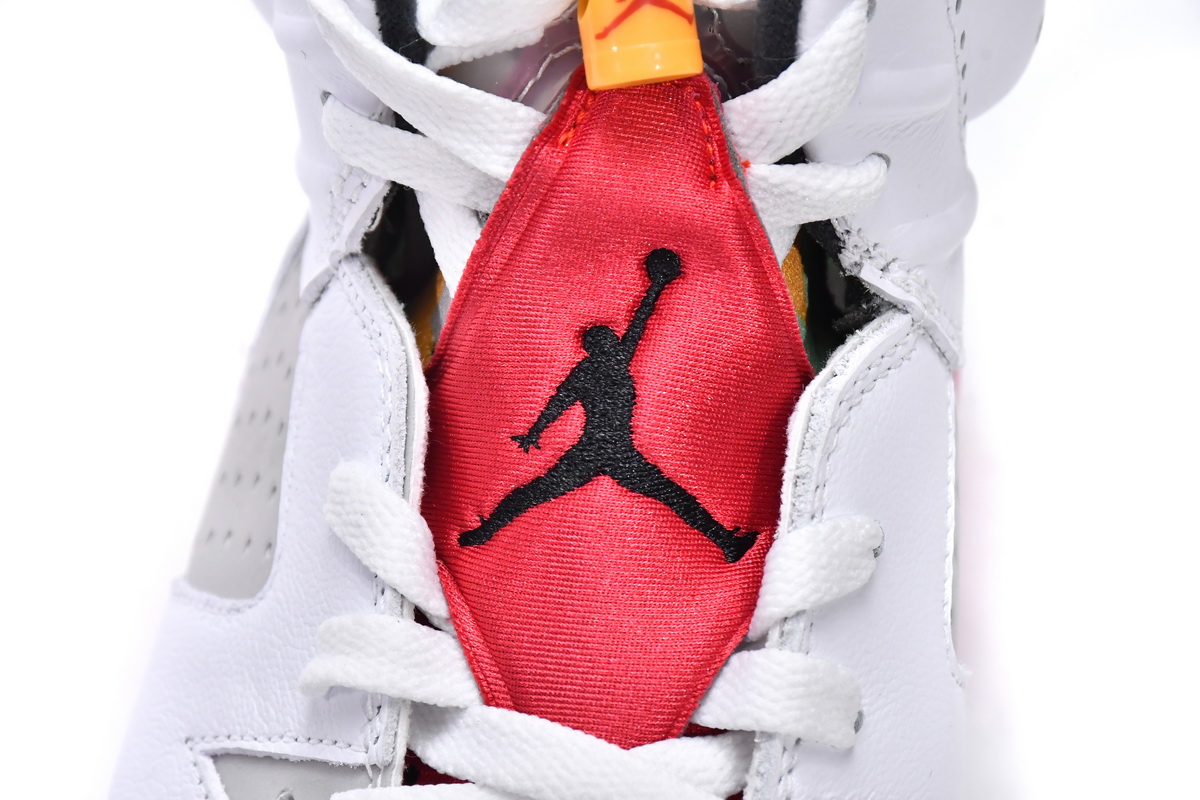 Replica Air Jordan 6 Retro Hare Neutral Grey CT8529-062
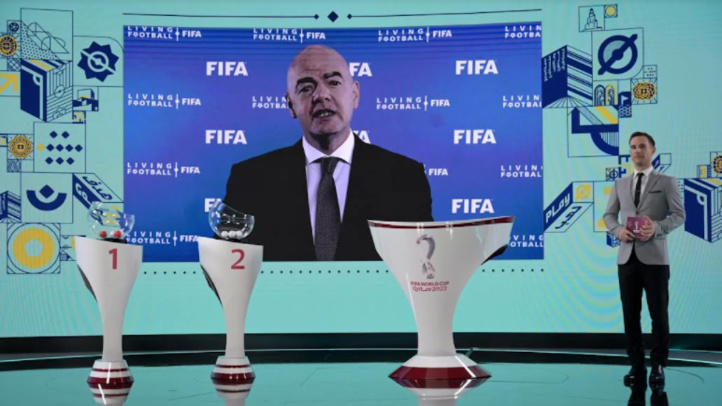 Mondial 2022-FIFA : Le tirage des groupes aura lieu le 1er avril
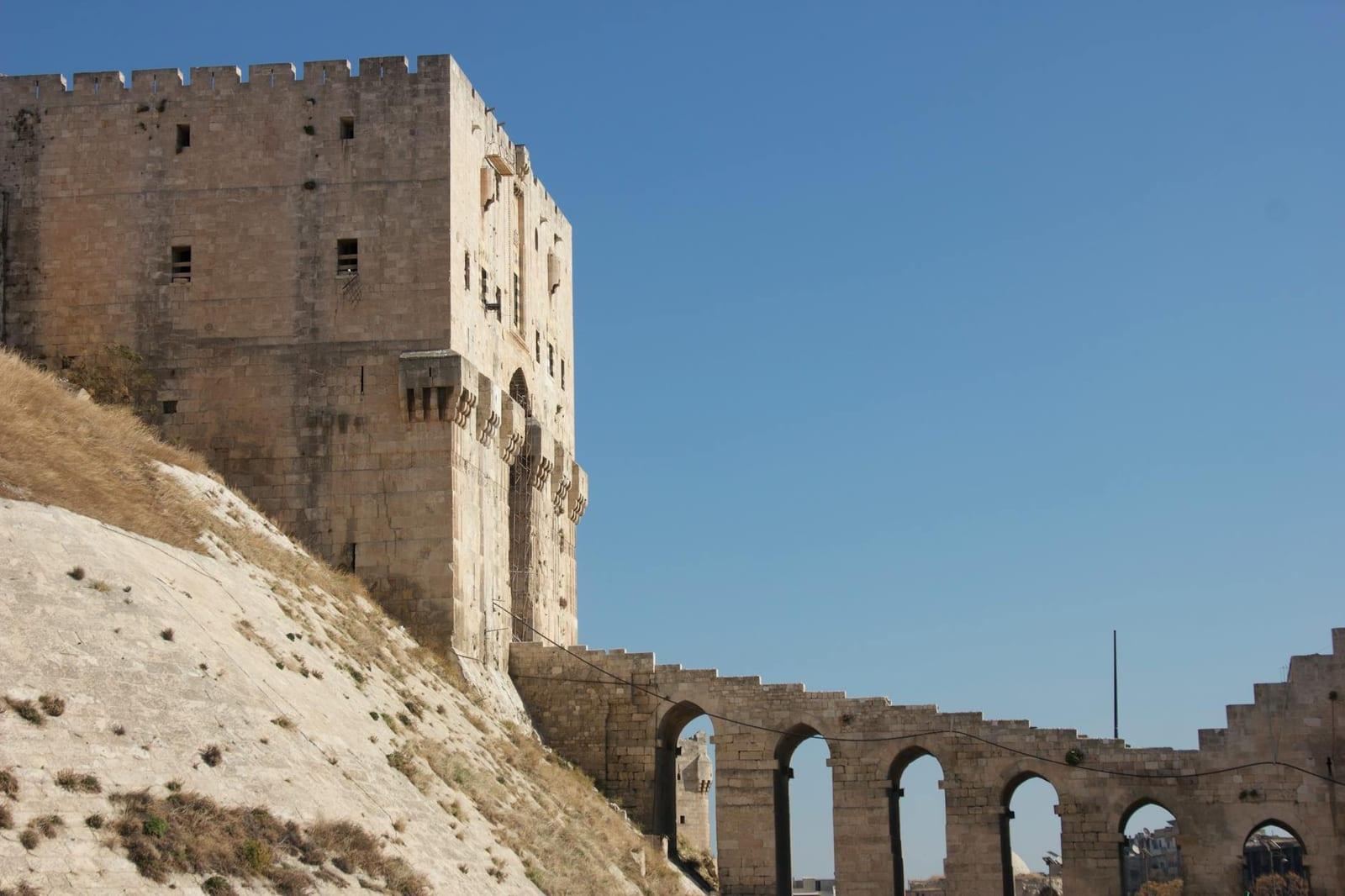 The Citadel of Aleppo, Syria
_ _ _ _ _
**Required action**
Pictures are not part of the copy; retype all the other material exactly.

**Written answer**
 Replica Air Jordan 6 Retro Hare Neutral Grey CT8529-062
 Mondial 2022-FIFA : Le tirage des groupes aura lieu le 1er avril
 The Citadel of Aleppo, Syria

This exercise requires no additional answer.